BEGIN

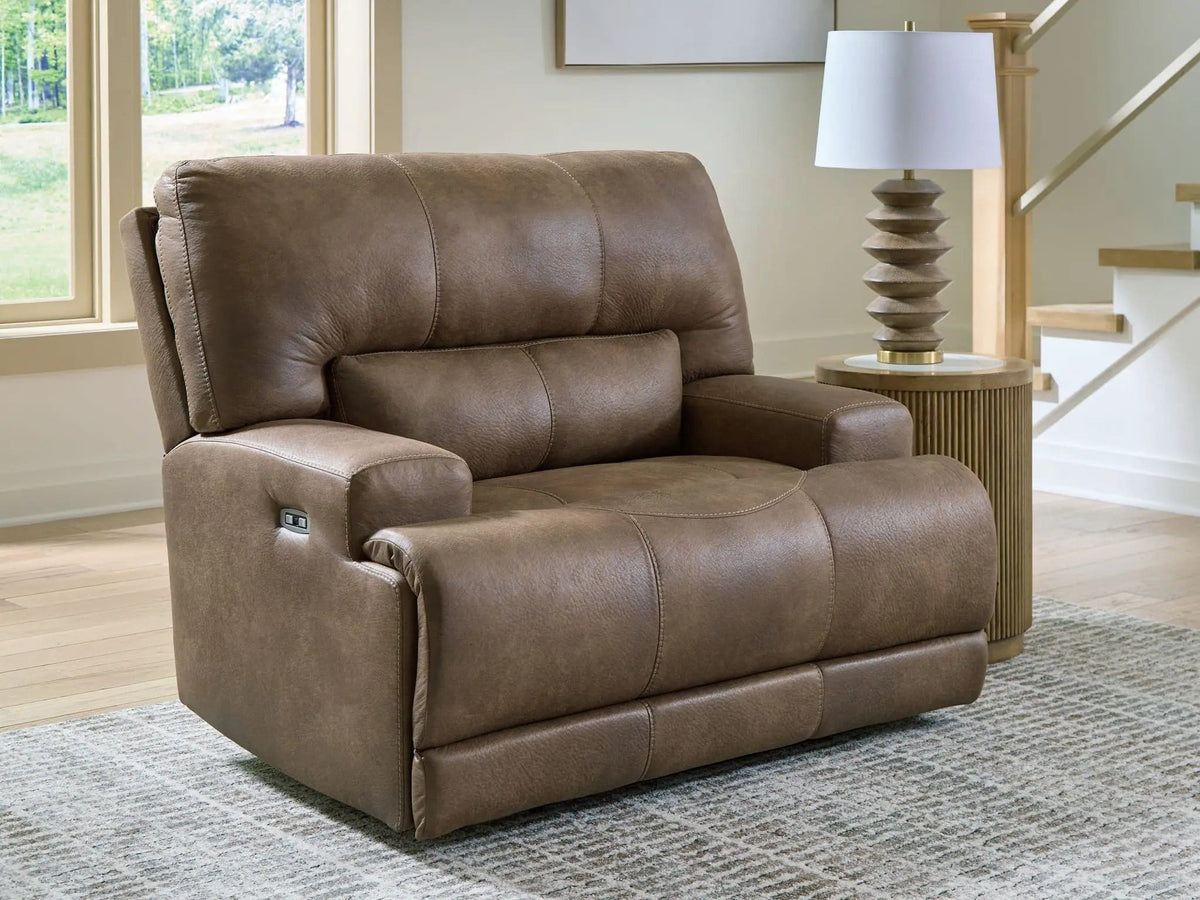 Beckley Place Power Recliner With Adjustable Headrest Reclining Chair | 50 x 42 x 42 in | Faux Leather & Metal | Earth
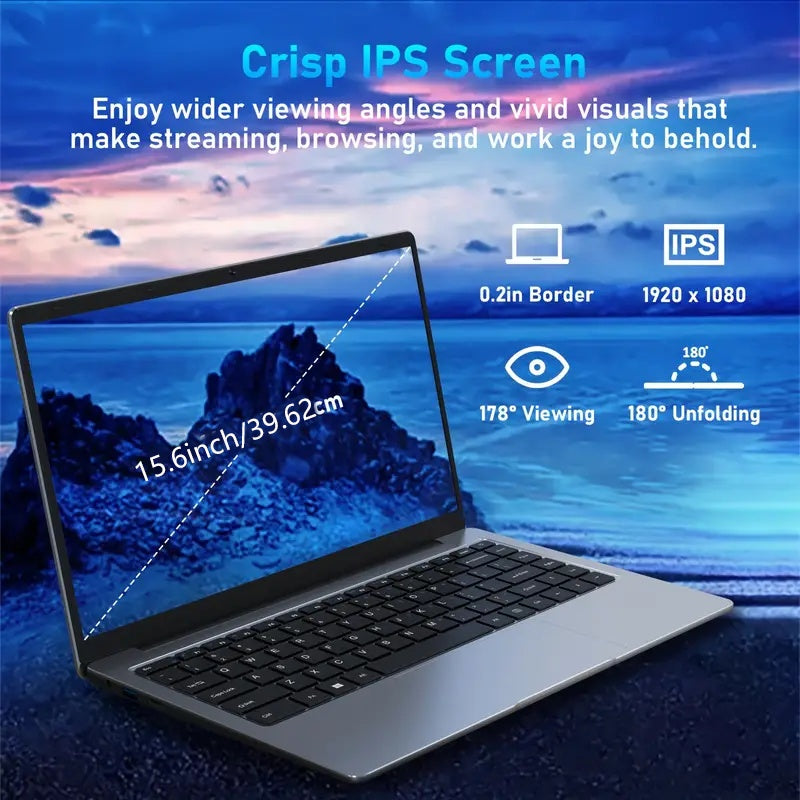 Portátil 16GB RAM DDR4 y SSD SATA-PCIE de 1TB, Intel N95 hasta 2.4 GHz, Pantalla IPS FHD de 15.6", Teclado con Retroiluminación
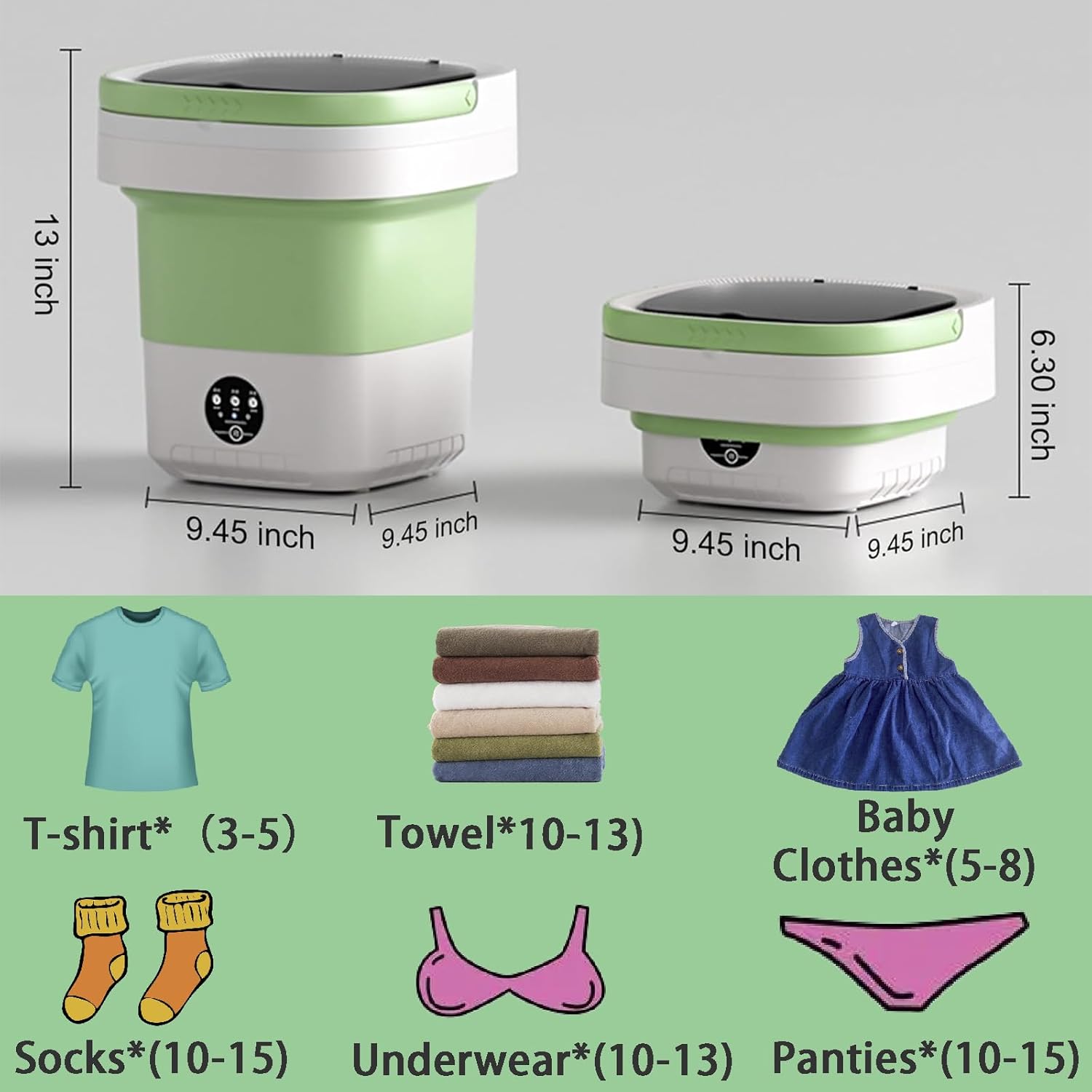 Portable washing machine, 12L Upgraded Large Capacity Foldable Mini Washing Machine, 3 Modes Deep Cleaning Small Washer for Underwear, Baby Clothes, Suitable for Apartments, Dormitories, Hotel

END

- Problem to work on
Now write out the data word for word, skipping every picture in it.

- Answer to the problem
 Beckley Place Power Recliner With Adjustable Headrest Reclining Chair | 50 x 42 x 42 in | Faux Leather & Metal | Earth
 Portátil 16GB RAM DDR4 y SSD SATA-PCIE de 1TB, Intel N95 hasta 2.4 GHz, Pantalla IPS FHD de 15.6", Teclado con Retroiluminación
 Portable washing machine, 12L Upgraded Large Capacity Foldable Mini Washing Machine, 3 Modes Deep Cleaning Small Washer for Underwear, Baby Clothes, Suitable for Apartments, Dormitories, Hotel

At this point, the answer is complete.